Si les élus n’arrivent pas à voter cette mesure, il faudra que les citoyens s’emparent du sujet. Dans ce cadre, la création du référendum d’initiative citoyenne (RIC) apparaît comme un moyen efficace pour contourner les réticences de nos élus. En cela, le RIC est un instrument d’éthique démocratique.

 

Le « Contre »
Régis de Castelneau
Avocat à la cour. Membre du comité de rédaction de Front Populaire
Une mesure qui porterait atteinte au suffrage universel

Voilà une revendication ancienne qui ressort à chaque échéance électorale alors qu’elle est un contresens démocratique et juridique. On la voit émerger de loin en loin transformée en étendard par les démagogues qui pensent gagner des voix en proclamant qu’il faut laver plus blanc que blanc. Il y a également malheureusement aussi des gens de bonne foi, qui souvent par ignorance, la pensent à tort comme un moyen de moralisation de la vie publique.

Comment se pose le problème ? Les tenants de cette mesure veulent inscrire dans la loi l’obligation d’un casier judiciaire vierge pour pouvoir se présenter à une élection. La première observation sera celle de rappeler un des principes fondamentaux du suffrage universel : pour être éligible, il faut être électeur. Et tout citoyen français dispose du droit de vote, et par conséquent se trouve être éligible.

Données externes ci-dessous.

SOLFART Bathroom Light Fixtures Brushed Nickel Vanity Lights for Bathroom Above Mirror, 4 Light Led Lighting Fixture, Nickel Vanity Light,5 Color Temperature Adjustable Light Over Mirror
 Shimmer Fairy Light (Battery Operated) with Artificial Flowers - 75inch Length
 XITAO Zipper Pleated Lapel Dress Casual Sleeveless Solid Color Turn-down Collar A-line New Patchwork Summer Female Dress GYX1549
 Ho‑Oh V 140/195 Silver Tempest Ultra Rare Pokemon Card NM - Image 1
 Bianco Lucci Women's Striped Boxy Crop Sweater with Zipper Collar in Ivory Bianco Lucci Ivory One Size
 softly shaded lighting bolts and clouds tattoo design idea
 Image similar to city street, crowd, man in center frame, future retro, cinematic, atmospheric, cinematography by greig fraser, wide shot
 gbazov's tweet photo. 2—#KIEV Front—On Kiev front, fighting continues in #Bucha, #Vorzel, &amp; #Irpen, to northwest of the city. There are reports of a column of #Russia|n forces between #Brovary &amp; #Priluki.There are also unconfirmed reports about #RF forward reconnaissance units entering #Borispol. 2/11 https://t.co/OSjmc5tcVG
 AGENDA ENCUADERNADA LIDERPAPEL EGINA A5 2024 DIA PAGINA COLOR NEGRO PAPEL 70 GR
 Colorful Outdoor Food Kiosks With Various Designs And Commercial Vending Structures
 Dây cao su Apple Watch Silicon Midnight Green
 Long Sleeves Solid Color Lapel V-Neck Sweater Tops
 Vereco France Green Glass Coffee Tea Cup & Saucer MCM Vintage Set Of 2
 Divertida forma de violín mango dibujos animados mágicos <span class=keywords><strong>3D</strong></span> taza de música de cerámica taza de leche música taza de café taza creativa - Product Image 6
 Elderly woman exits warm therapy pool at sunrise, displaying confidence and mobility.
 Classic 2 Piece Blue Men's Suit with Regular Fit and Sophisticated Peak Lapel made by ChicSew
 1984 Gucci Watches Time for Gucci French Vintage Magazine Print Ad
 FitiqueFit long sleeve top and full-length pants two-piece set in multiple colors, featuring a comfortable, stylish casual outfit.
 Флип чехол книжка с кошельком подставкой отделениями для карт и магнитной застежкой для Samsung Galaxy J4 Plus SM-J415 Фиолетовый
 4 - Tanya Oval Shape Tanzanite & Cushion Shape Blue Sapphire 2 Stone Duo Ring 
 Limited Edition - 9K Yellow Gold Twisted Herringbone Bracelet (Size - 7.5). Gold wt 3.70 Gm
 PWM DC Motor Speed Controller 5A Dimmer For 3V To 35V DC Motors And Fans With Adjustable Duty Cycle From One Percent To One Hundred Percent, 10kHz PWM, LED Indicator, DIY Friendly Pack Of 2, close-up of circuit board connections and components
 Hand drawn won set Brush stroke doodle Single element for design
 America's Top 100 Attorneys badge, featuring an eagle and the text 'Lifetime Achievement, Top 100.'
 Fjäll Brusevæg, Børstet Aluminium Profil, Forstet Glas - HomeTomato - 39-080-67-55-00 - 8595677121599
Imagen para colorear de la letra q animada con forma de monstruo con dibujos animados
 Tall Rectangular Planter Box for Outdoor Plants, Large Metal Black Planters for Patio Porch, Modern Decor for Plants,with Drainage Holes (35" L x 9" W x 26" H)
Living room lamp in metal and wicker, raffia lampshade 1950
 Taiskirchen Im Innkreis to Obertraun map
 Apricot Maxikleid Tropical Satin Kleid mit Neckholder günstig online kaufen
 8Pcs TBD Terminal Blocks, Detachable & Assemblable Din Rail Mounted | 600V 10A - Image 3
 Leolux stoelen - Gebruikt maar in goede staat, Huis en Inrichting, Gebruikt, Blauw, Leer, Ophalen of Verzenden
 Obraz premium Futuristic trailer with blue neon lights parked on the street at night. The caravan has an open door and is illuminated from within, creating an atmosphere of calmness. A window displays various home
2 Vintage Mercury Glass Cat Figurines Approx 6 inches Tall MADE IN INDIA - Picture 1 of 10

On peut priver de ces droits fondamentaux, comme on peut le faire de la liberté avec la prison, mais l’inéligibilité est une peine. Et comme toutes les peines, dans une société démocratique, elle va devoir être prononcée par un juge après une procédure contradictoire régulière. La loi française la prévoit comme « une peine accessoire », qui doit être appliquée dans le respect des principes du droit pénal de personnalisation et de proportionnalité de la peine. Tout ceci résulte de la Déclaration des Droits de l’Homme, de la Constitution, et de la Convention Européenne des Droits de l’Homme. Excusez du peu. Il n’y a pas de peines automatiques, celles-ci sont proscrites. Donc faire dépendre l’éligibilité d’un citoyen par ailleurs électeur, qui a accompli sa peine fixée par le juge et payé sa dette à la société, c’est une façon de le chasser à jamais de la communauté des citoyens. C’est radicalement inconstitutionnel.

Et puis qu’est-ce que c’est que le casier judiciaire ? C’est un outil d’information qui porte la mention des condamnations subies par un citoyen. Il est divisé en trois bulletins : le bulletin N°1 (B1) accessible aux seuls magistrats et à l’administration pénitentiaire, le bulletin N°2 (B2) accessible à l’administration et le bulletin N°3 (B3) accessible à chacun à condition d’y avoir une motivation licite. Rappelons qu’il est toujours possible de demander au juge la non-inscription des condamnations au B2 et au B3. Et ceci même bien après le prononcé de celles-ci. On va nous répondre : « on demande bien le casier pour embaucher un pompier ». La réponse est évidente :

L’exercice d’un mandat électif n’est pas un métier, il est l’accomplissement d’un mandat donné par le peuple au suffrage universel.

Lorsqu’un citoyen condamné à réglé sa dette à la société, il doit être réintégré dans la communauté nationale avec tous les éléments attachés au statut de citoyen. Vouloir donner au casier judiciaire la valeur d’une sanction est ne pas comprendre les règles qui conditionnent l’exercice de la violence légitime déléguée à l’État par les citoyens.

Alors on peut s’étonner que s’exprime régulièrement ce besoin compulsif de pénal, et cet amour de la punition. Et déplorer que cela puisse être aussi fréquemment repris et flatté par ceux qui s’imaginent que le populisme judiciaire sera utile contre leurs adversaires et pour se dispenser de faire la preuve de leur efficacité dans la défense de l’intérêt général.